Le réseau social avait supprimé, mercredi, deux tweets du président nigérian, Muhammadu Buhari, dans lesquels il menaçait les indépendantistes biafrais en évoquant le conflit qui a fait un million de morts de 1967 à 1970.
Le gouvernement nigérian a annoncé vendredi 4 juin, dans un communiqué, avoir suspendu les activités de Twitter dans le pays le plus peuplé d’Afrique, deux jours après la suppression par le réseau social d’un tweet du président, Muhammadu Buhari.
« Le gouvernement fédéral a suspendu, pour une durée indéterminée, les activités du service de microblogging et de réseau social Twitter au Nigeria », déclare le ministère de l’information et de la culture dans ce communiqué. Vendredi en fin d’après-midi, le réseau social fonctionnait toujours au Nigeria, ont observé des journalistes de l’Agence France-Presse (AFP) dans le pays. Et le communiqué a également été publié sur le compte Twitter du ministère.
Interrogé par l’AFP, le conseiller spécial du ministère, Segun Adeyemi, a confirmé que « les activités ser[aie]nt suspendues pour une durée indéterminée ».
« L’annonce du gouvernement nigérian sur la suspension des activités de Twitter au Nigeria est très préoccupante », a réagi le réseau social en début de soirée. « Nous enquêtons et vous tiendrons informés lorsque nous en saurons plus », a ajouté l’entreprise.
Regain de violence dans le Sud
Mercredi 2 juin, Twitter avait supprimé deux messages du président nigérian, Muhammadu Buhari, dans lesquels il menaçait les indépendantistes biafrais. Le réseau social estimait que le chef de l’Etat enfreignait ses règles d’utilisation.
Le sud du pays fait face à un regain de violence depuis plusieurs mois. Dans l’un de ses tweets, le président évoquait la guerre du Biafra (1967-1970) et se faisait clairement menaçant : « Ceux d’entre nous (…) qui ont connu cette guerre, les traiteront avec le langage qu’ils comprennent. » Muhammadu Buhari, lui, a connu cette guerre. Cet ancien général a violemment combattu la rébellion. Un million de personnes ont été tuées dans ce conflit qui a aussi provoqué une famine épouvantable.
Juste après la suppression des tweets du président, le ministre de l’information avait déclaré : « Twitter a peut-être ses règles, mais ce ne sont pas des règles universelles. Si un président est extrêmement préoccupé par quelque chose, il est libre de le dire. » Il avait notamment accusé le réseau social de tolérer les messages du chef d’un groupe séparatiste actif dans le sud-est du Nigeria qui, selon lui, encouragent la violence.

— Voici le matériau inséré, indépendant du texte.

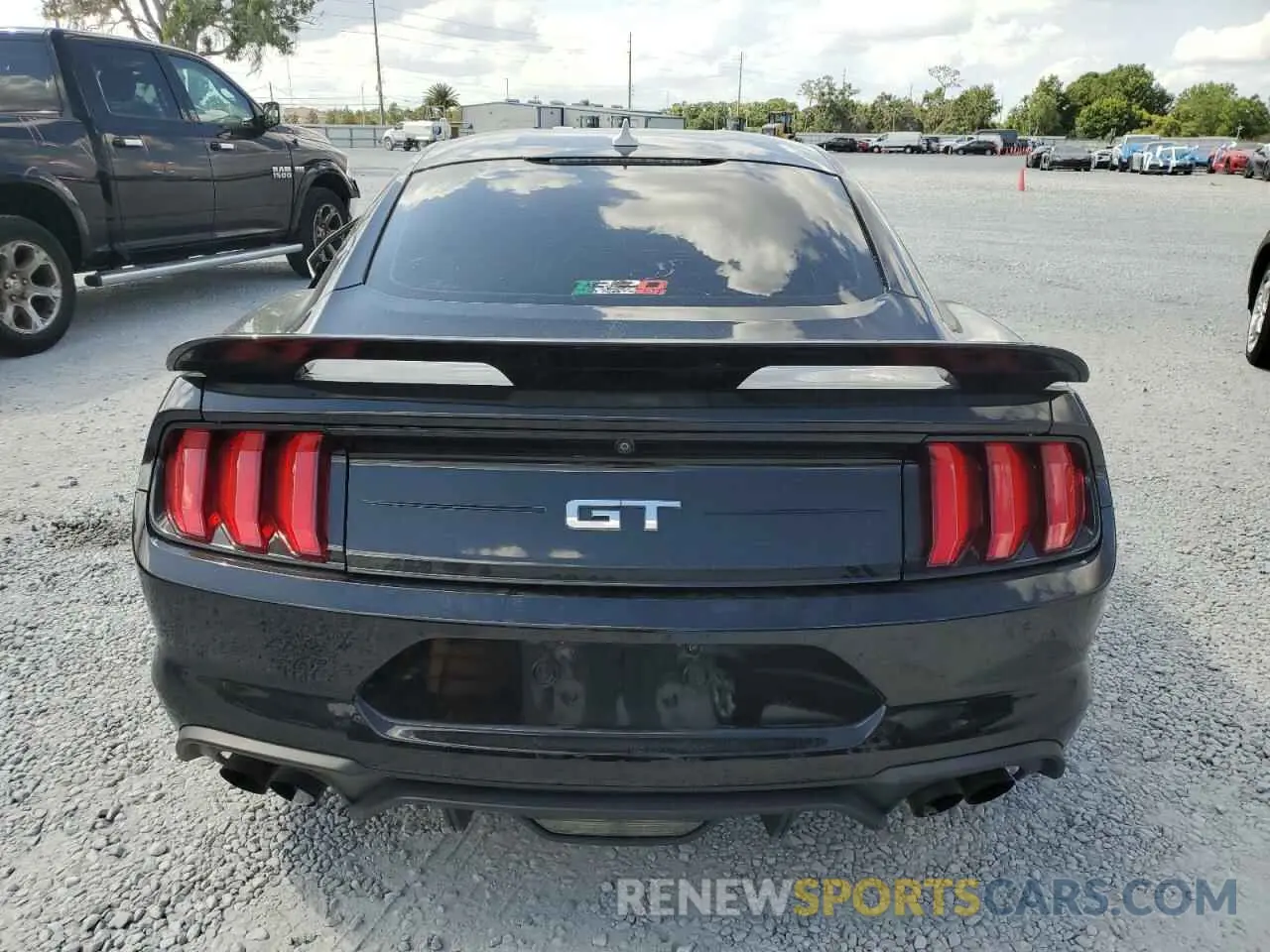 6 Photograph of a damaged car 1FA6P8CF3L5178082 FORD MUSTANG 2020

« Atteinte aux droits humains »
L’ONG Amnesty International a appelé les autorités « à annuler immédiatement la suspension illégale et les autres projets visant à bâillonner les médias, à réprimer l’espace civique et à porter atteinte aux droits humains des Nigérians ». « Cette action est clairement incohérente et incompatible avec les obligations internationales du Nigeria, notamment en vertu de la Charte africaine des droits de l’homme », a estimé Amnesty.

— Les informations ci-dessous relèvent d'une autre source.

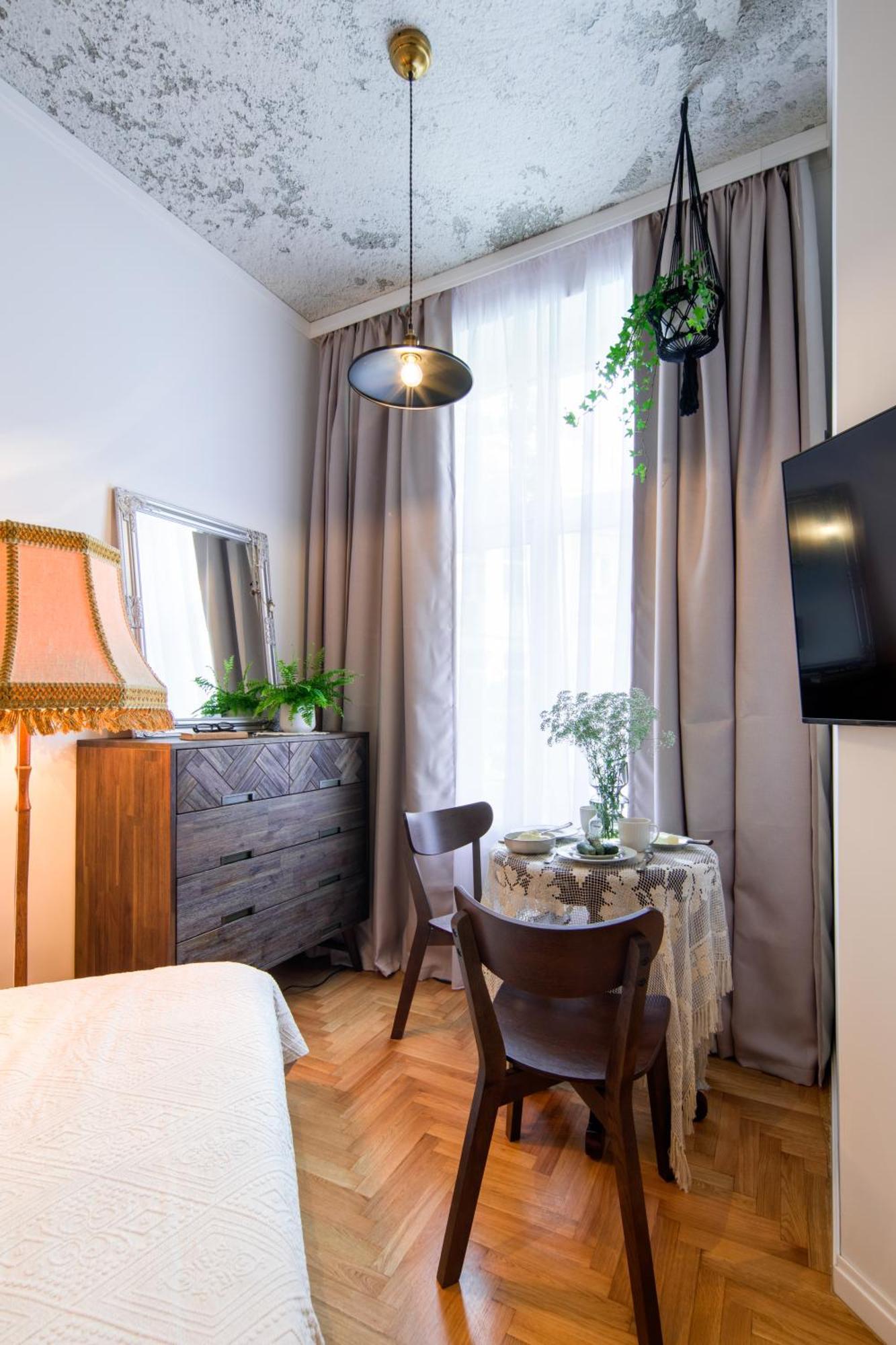 Apartment Golden Merchant Main Square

Sur Twitter justement Anietie Ewang, chercheuse au Nigeria pour Human Rights Watch, a dénoncé « cette action répressive » comme « une tentative claire de censurer la contestation et d’étouffer l’espace civique ».
Le Nigeria est la plus grande démocratie en Afrique, mais le gouvernement est très régulièrement critiqué par les organisations de défense des droits humains.